_Data_.

◆ ◆ ◆

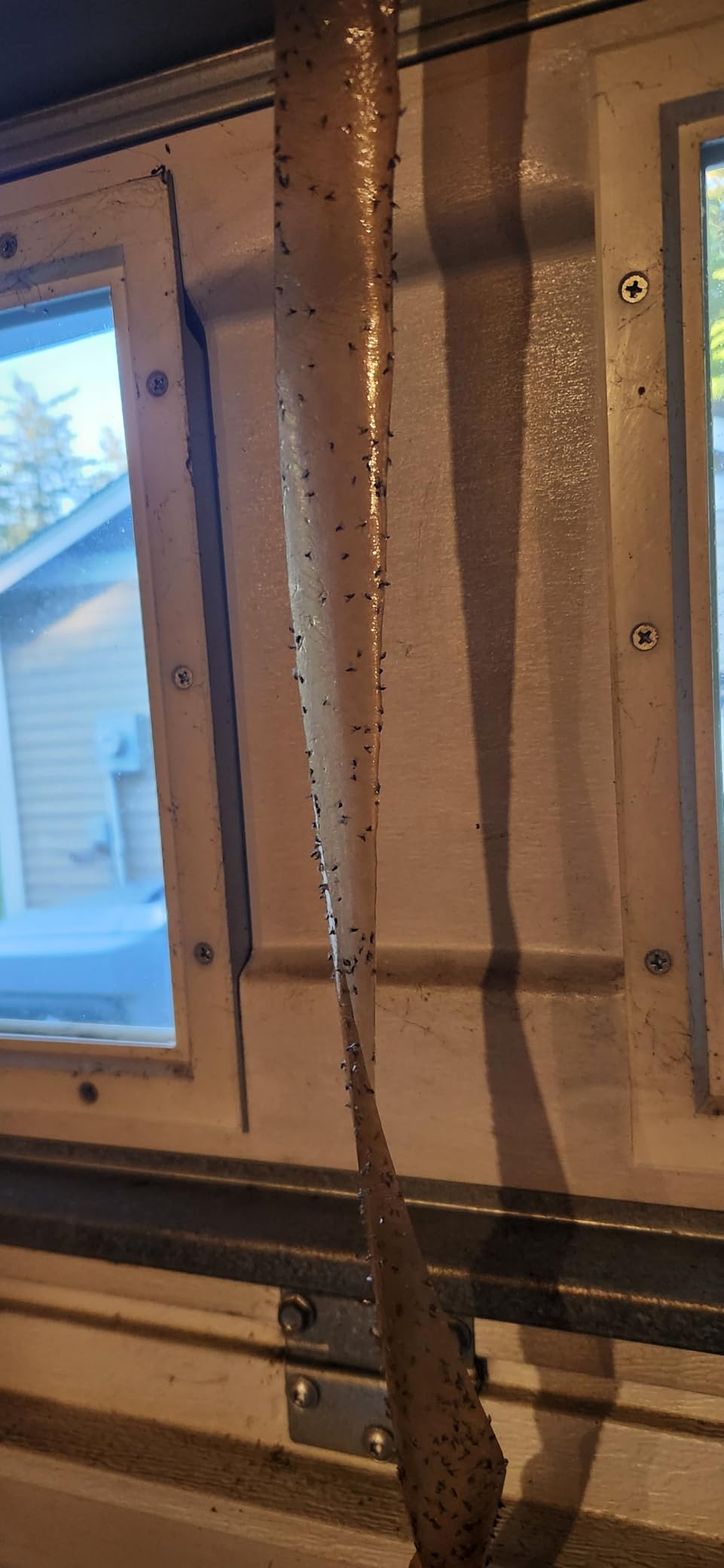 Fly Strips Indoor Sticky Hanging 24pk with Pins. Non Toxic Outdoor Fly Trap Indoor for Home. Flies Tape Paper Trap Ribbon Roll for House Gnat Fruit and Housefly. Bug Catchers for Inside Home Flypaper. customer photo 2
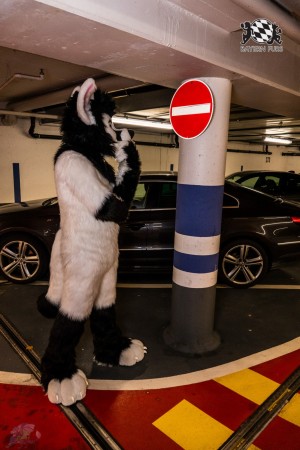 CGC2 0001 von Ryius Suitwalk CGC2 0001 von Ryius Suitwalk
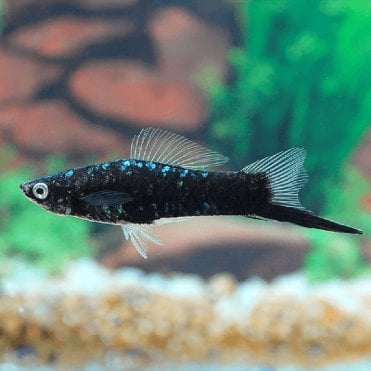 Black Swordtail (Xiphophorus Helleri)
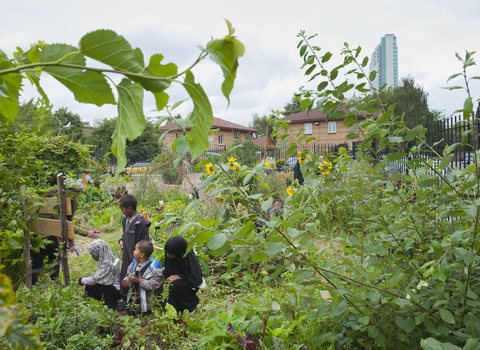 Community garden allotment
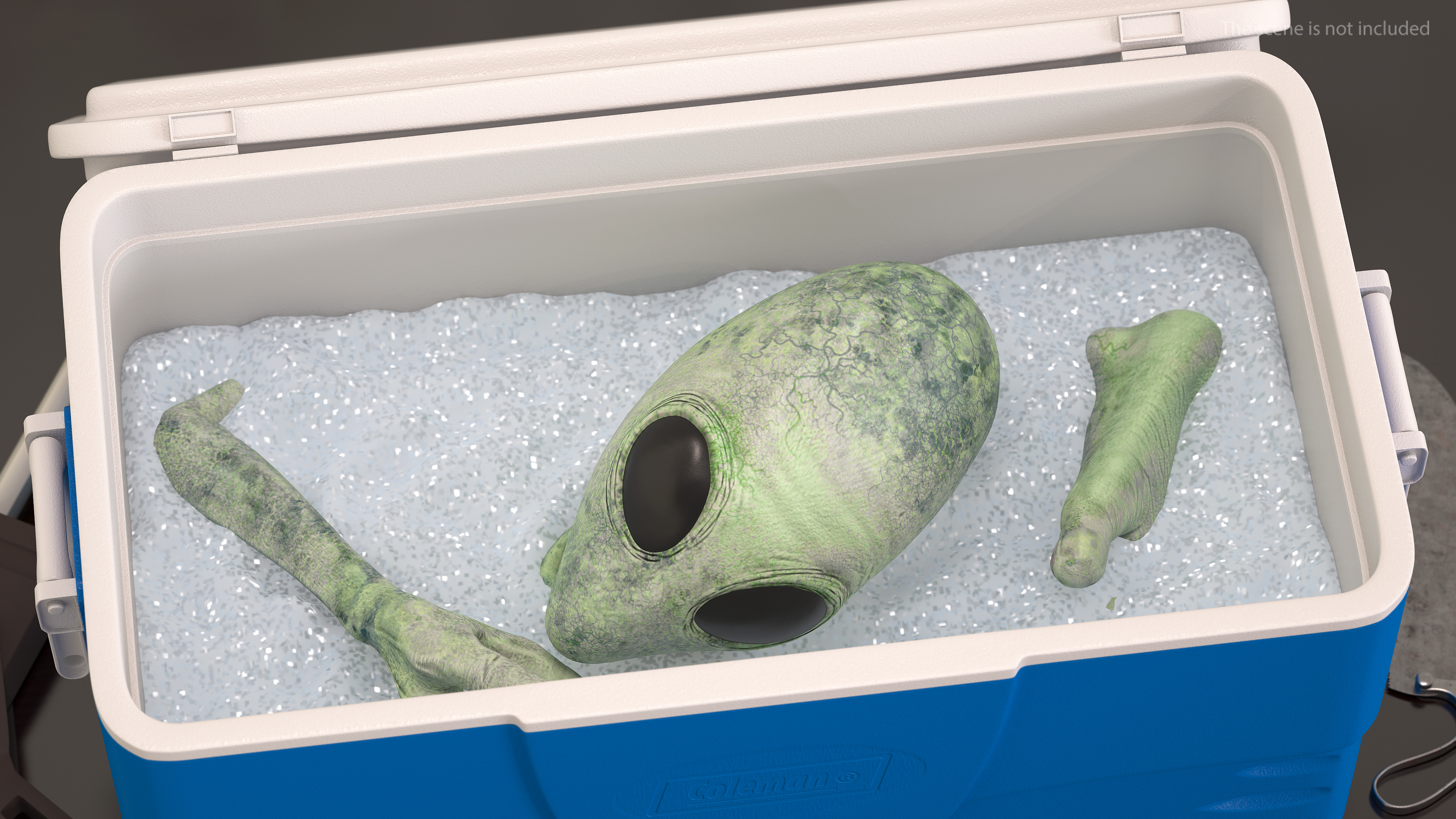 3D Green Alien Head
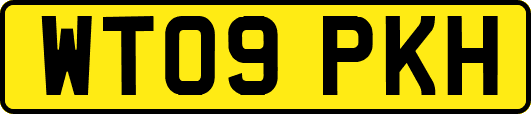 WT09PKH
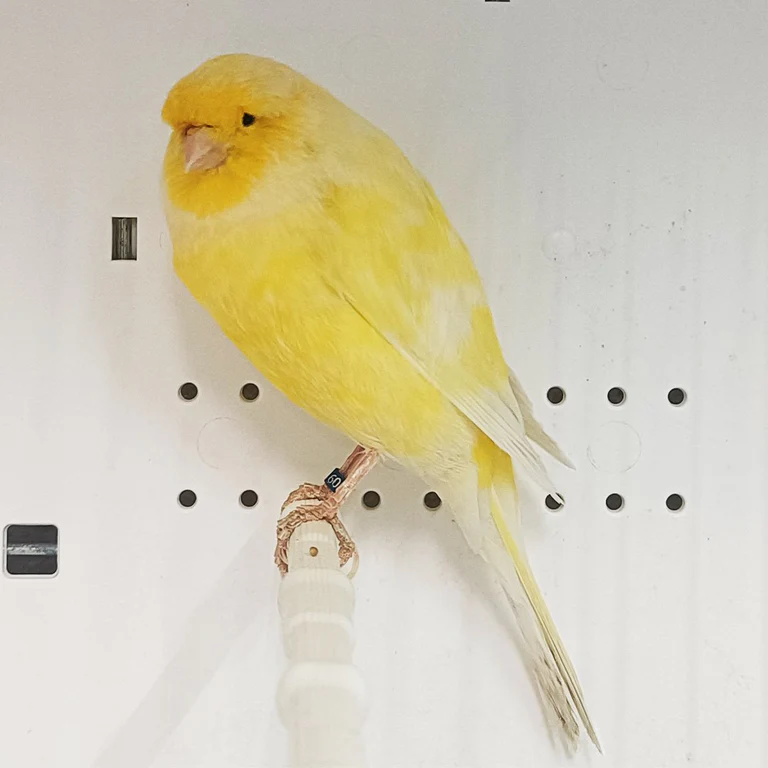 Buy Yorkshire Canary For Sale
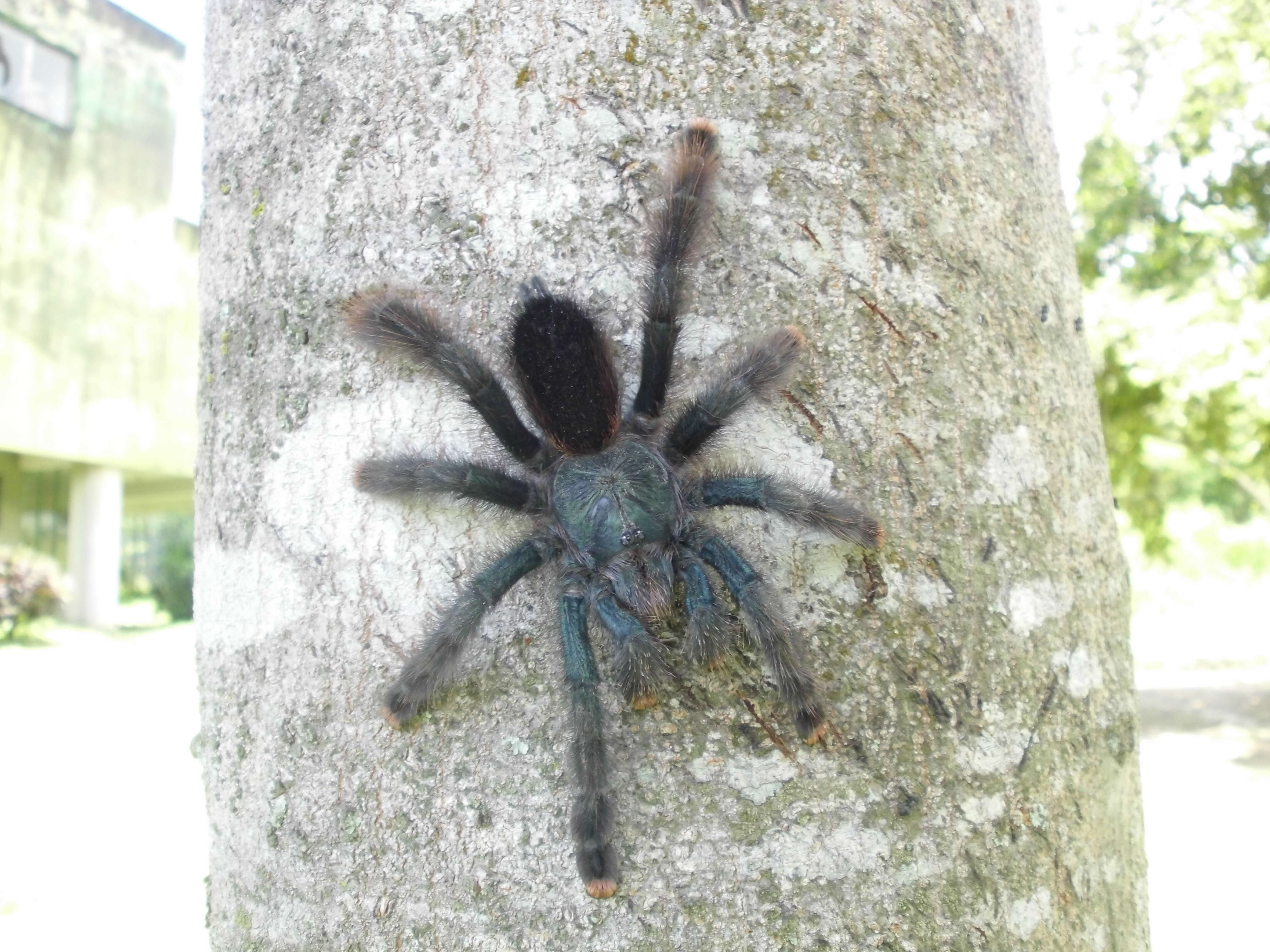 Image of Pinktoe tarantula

◆ ◆ ◆

_Your task_.
Produce an exact copy of only those lines that run from the line with "3D Green Alien Head" to the final line of the records, including both; exclude images.

_Task solution_.
 3D Green Alien Head
 WT09PKH
 Buy Yorkshire Canary For Sale
 Image of Pinktoe tarantula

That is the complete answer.